(The task) Copy every line from the one that holds "Wilonahearl" to the end of the records below, exactly and with nothing else, but without any pictures.

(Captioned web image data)
--------------------------------

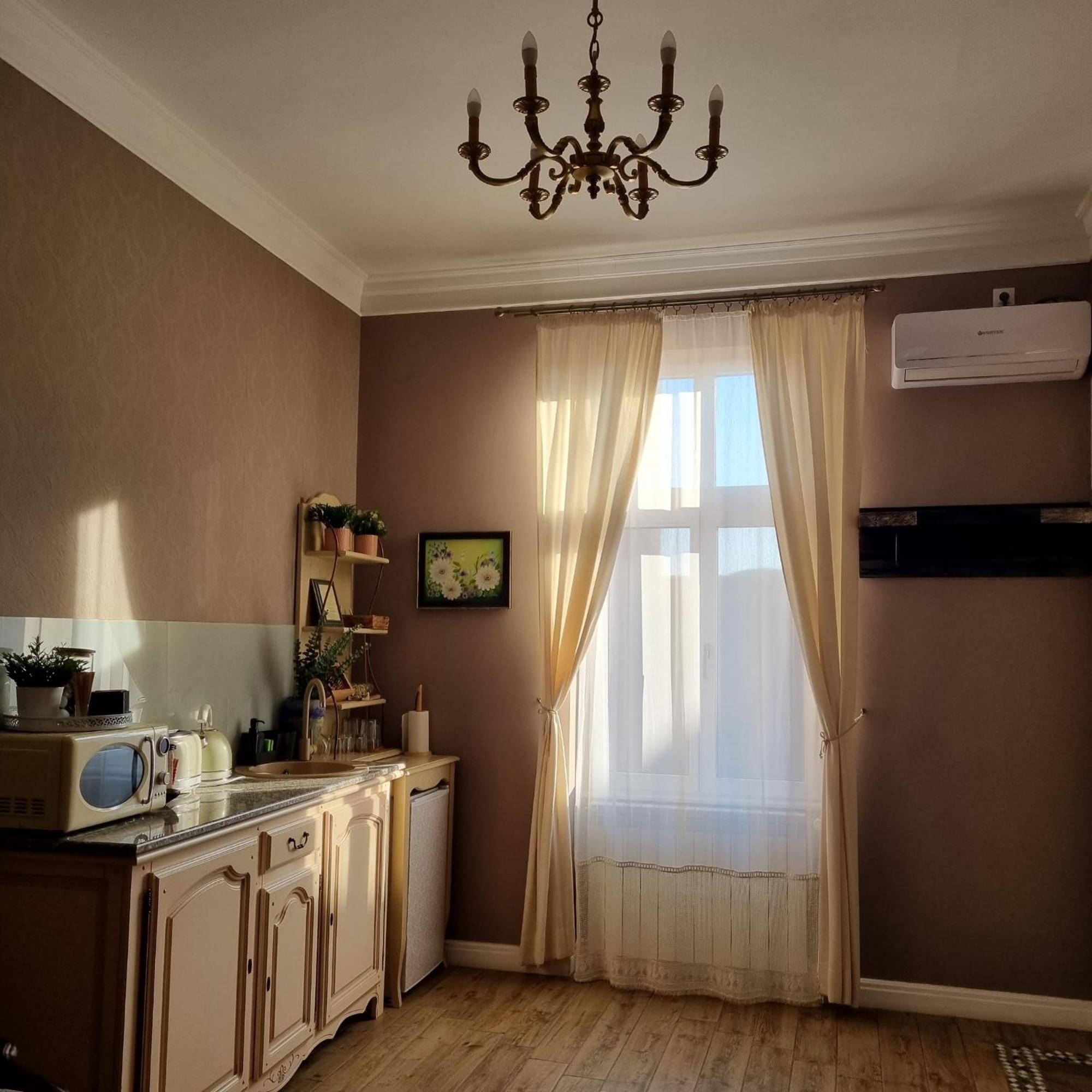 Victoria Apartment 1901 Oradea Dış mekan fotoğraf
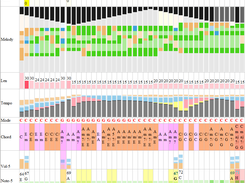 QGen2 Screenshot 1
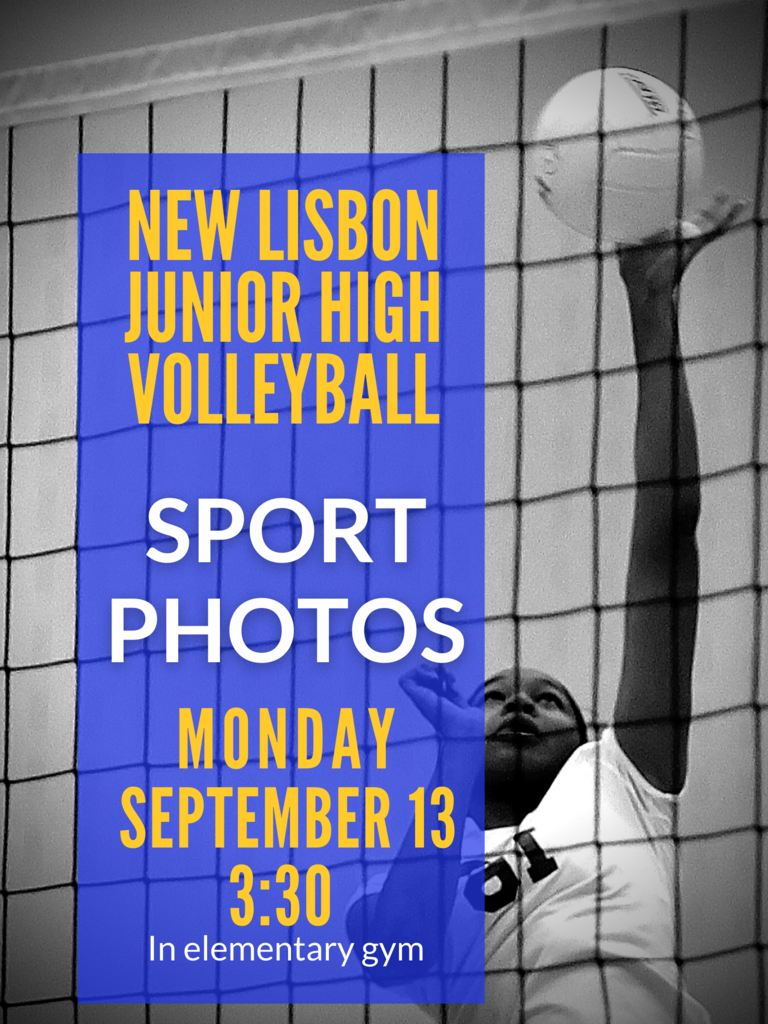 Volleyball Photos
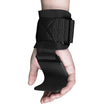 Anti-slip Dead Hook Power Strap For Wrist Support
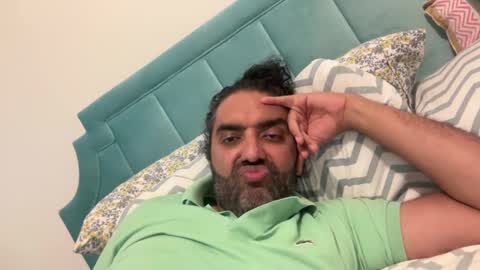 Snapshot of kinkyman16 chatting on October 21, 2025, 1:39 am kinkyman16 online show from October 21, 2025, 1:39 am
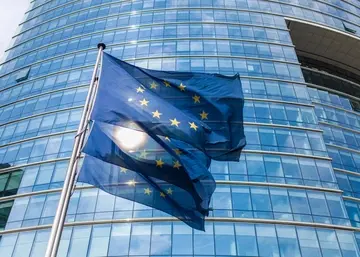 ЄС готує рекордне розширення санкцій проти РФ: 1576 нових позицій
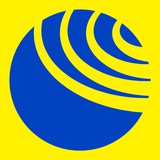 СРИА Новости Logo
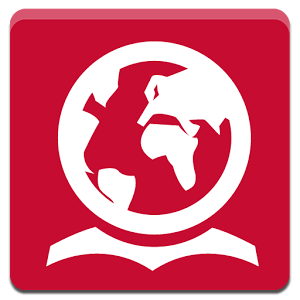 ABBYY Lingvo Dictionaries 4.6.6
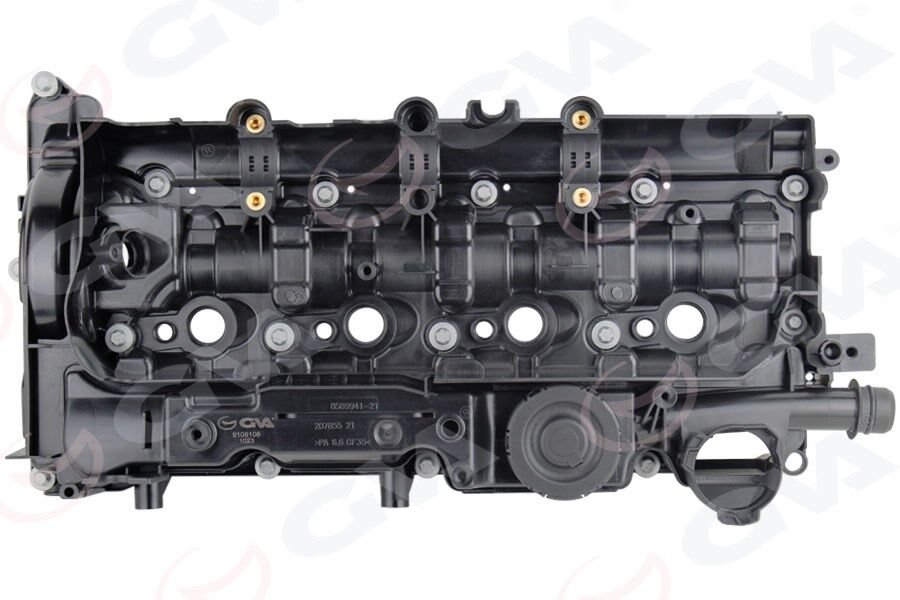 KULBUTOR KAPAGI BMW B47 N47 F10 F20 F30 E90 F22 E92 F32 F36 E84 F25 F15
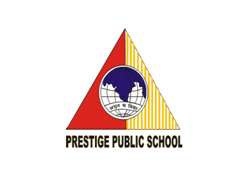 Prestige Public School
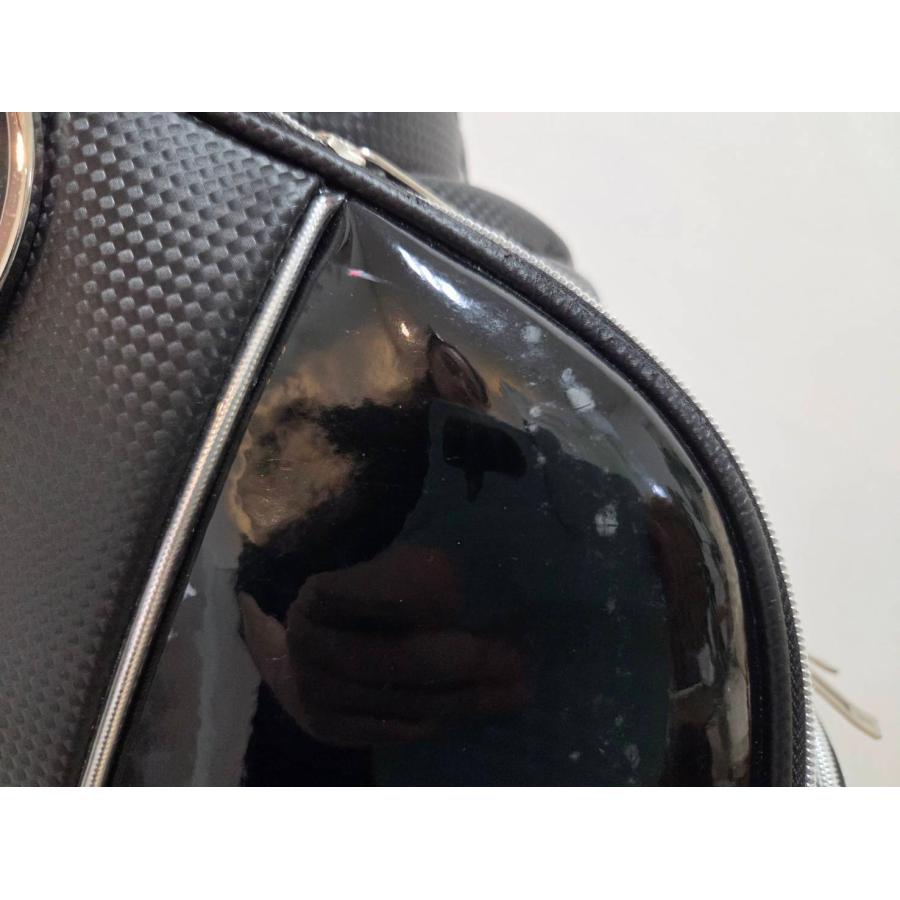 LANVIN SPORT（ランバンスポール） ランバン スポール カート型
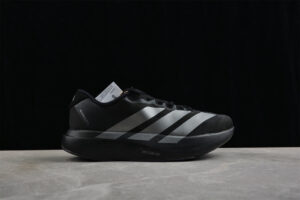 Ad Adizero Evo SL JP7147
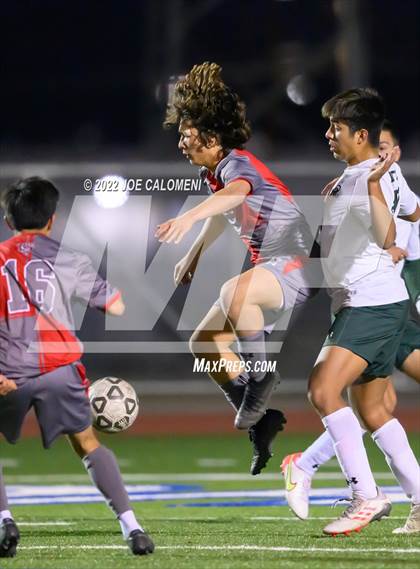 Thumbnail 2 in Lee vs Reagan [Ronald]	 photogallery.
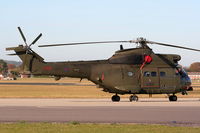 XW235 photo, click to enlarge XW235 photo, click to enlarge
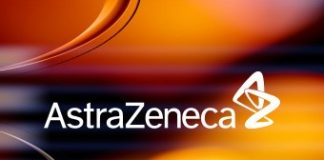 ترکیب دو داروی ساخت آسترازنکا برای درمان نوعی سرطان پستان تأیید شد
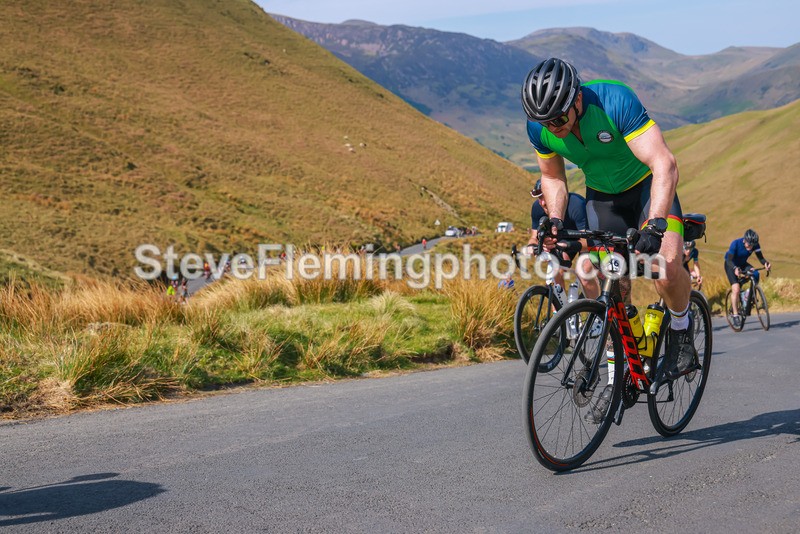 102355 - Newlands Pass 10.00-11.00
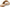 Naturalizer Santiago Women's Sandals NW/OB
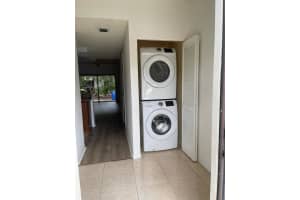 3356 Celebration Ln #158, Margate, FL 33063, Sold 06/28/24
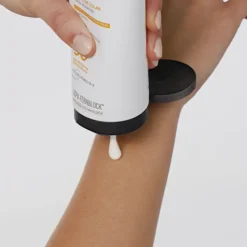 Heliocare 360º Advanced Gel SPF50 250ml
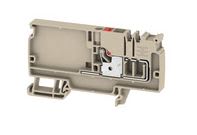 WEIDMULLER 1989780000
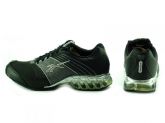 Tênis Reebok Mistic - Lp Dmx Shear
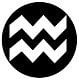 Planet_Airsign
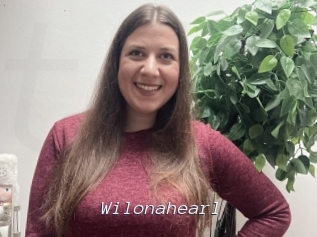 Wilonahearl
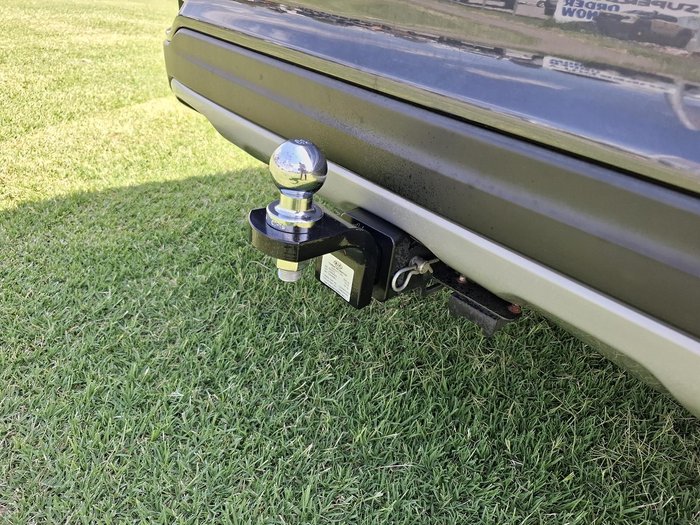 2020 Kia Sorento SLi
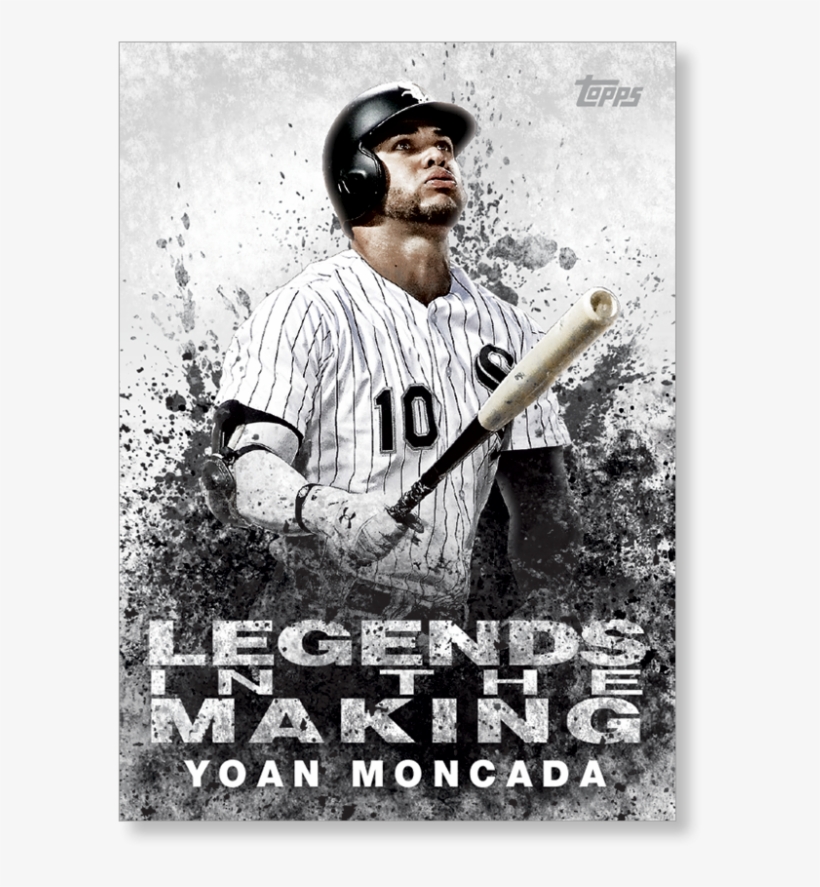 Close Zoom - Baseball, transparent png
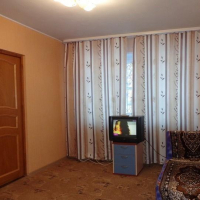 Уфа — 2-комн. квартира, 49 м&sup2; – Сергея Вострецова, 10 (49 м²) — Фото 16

--------------------------------

(Output of the task)
 Wilonahearl
 2020 Kia Sorento SLi
 Close Zoom - Baseball, transparent png
 Уфа — 2-комн. квартира, 49 м&sup2; – Сергея Вострецова, 10 (49 м²) — Фото 16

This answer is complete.